Nothing in the entries may be dropped: restate them word for word.

[Web page caption snippets]
>>
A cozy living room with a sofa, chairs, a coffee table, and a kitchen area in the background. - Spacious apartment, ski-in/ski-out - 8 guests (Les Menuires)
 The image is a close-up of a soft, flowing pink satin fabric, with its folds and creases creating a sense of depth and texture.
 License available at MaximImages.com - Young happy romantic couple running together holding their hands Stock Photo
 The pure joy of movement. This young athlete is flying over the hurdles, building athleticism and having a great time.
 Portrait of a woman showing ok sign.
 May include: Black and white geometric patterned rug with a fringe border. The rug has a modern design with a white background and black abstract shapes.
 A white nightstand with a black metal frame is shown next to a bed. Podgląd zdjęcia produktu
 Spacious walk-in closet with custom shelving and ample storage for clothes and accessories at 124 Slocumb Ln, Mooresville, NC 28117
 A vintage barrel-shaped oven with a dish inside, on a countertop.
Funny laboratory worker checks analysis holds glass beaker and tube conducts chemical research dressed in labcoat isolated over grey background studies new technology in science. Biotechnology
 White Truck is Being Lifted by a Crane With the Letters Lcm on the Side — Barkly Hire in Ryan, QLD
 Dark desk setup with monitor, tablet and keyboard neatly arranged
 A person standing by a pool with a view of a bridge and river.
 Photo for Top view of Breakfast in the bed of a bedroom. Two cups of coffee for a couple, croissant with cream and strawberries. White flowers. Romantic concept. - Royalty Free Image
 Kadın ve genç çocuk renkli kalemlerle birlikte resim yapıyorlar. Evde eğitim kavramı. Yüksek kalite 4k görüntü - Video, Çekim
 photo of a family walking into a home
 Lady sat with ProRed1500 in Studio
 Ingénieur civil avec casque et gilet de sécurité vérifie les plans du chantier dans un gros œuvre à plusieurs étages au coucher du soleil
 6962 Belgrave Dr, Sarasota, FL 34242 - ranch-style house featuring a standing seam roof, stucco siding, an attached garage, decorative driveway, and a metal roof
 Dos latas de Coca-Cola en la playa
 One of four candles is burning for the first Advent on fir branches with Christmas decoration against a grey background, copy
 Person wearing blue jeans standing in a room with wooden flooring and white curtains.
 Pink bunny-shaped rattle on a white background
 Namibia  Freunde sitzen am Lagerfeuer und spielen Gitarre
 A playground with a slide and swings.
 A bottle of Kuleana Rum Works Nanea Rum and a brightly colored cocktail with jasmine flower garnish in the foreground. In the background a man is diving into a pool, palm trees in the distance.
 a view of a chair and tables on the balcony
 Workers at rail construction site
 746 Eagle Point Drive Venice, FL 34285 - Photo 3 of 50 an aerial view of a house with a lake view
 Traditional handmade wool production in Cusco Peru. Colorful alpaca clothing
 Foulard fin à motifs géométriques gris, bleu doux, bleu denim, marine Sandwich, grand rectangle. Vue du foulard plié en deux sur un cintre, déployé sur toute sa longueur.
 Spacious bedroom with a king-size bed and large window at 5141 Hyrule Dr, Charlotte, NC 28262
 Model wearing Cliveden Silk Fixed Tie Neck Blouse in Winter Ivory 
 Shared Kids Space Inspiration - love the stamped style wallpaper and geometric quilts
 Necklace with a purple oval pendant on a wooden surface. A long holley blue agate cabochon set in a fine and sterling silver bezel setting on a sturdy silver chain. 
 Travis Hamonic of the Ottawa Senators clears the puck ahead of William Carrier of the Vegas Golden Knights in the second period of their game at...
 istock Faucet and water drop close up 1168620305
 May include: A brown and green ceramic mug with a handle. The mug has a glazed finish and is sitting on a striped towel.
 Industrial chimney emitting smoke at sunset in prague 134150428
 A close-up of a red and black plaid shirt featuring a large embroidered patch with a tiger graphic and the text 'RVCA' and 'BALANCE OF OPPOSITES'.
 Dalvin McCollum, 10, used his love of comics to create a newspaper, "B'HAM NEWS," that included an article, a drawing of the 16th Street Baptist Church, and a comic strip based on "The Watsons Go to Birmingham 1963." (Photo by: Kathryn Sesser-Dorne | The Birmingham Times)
<<
▶ **WRITTEN SOLUTION**:
A cozy living room with a sofa, chairs, a coffee table, and a kitchen area in the background. - Spacious apartment, ski-in/ski-out - 8 guests (Les Menuires)
 The image is a close-up of a soft, flowing pink satin fabric, with its folds and creases creating a sense of depth and texture.
 License available at MaximImages.com - Young happy romantic couple running together holding their hands Stock Photo
 The pure joy of movement. This young athlete is flying over the hurdles, building athleticism and having a great time.
 Portrait of a woman showing ok sign.
 May include: Black and white geometric patterned rug with a fringe border. The rug has a modern design with a white background and black abstract shapes.
 A white nightstand with a black metal frame is shown next to a bed. Podgląd zdjęcia produktu
 Spacious walk-in closet with custom shelving and ample storage for clothes and accessories at 124 Slocumb Ln, Mooresville, NC 28117
 A vintage barrel-shaped oven with a dish inside, on a countertop.
Funny laboratory worker checks analysis holds glass beaker and tube conducts chemical research dressed in labcoat isolated over grey background studies new technology in science. Biotechnology
 White Truck is Being Lifted by a Crane With the Letters Lcm on the Side — Barkly Hire in Ryan, QLD
 Dark desk setup with monitor, tablet and keyboard neatly arranged
 A person standing by a pool with a view of a bridge and river.
 Photo for Top view of Breakfast in the bed of a bedroom. Two cups of coffee for a couple, croissant with cream and strawberries. White flowers. Romantic concept. - Royalty Free Image
 Kadın ve genç çocuk renkli kalemlerle birlikte resim yapıyorlar. Evde eğitim kavramı. Yüksek kalite 4k görüntü - Video, Çekim
 photo of a family walking into a home
 Lady sat with ProRed1500 in Studio
 Ingénieur civil avec casque et gilet de sécurité vérifie les plans du chantier dans un gros œuvre à plusieurs étages au coucher du soleil
 6962 Belgrave Dr, Sarasota, FL 34242 - ranch-style house featuring a standing seam roof, stucco siding, an attached garage, decorative driveway, and a metal roof
 Dos latas de Coca-Cola en la playa
 One of four candles is burning for the first Advent on fir branches with Christmas decoration against a grey background, copy
 Person wearing blue jeans standing in a room with wooden flooring and white curtains.
 Pink bunny-shaped rattle on a white background
 Namibia  Freunde sitzen am Lagerfeuer und spielen Gitarre
 A playground with a slide and swings.
 A bottle of Kuleana Rum Works Nanea Rum and a brightly colored cocktail with jasmine flower garnish in the foreground. In the background a man is diving into a pool, palm trees in the distance.
 a view of a chair and tables on the balcony
 Workers at rail construction site
 746 Eagle Point Drive Venice, FL 34285 - Photo 3 of 50 an aerial view of a house with a lake view
 Traditional handmade wool production in Cusco Peru. Colorful alpaca clothing
 Foulard fin à motifs géométriques gris, bleu doux, bleu denim, marine Sandwich, grand rectangle. Vue du foulard plié en deux sur un cintre, déployé sur toute sa longueur.
 Spacious bedroom with a king-size bed and large window at 5141 Hyrule Dr, Charlotte, NC 28262
 Model wearing Cliveden Silk Fixed Tie Neck Blouse in Winter Ivory 
 Shared Kids Space Inspiration - love the stamped style wallpaper and geometric quilts
 Necklace with a purple oval pendant on a wooden surface. A long holley blue agate cabochon set in a fine and sterling silver bezel setting on a sturdy silver chain. 
 Travis Hamonic of the Ottawa Senators clears the puck ahead of William Carrier of the Vegas Golden Knights in the second period of their game at...
 istock Faucet and water drop close up 1168620305
 May include: A brown and green ceramic mug with a handle. The mug has a glazed finish and is sitting on a striped towel.
 Industrial chimney emitting smoke at sunset in prague 134150428
 A close-up of a red and black plaid shirt featuring a large embroidered patch with a tiger graphic and the text 'RVCA' and 'BALANCE OF OPPOSITES'.
 Dalvin McCollum, 10, used his love of comics to create a newspaper, "B'HAM NEWS," that included an article, a drawing of the 16th Street Baptist Church, and a comic strip based on "The Watsons Go to Birmingham 1963." (Photo by: Kathryn Sesser-Dorne | The Birmingham Times)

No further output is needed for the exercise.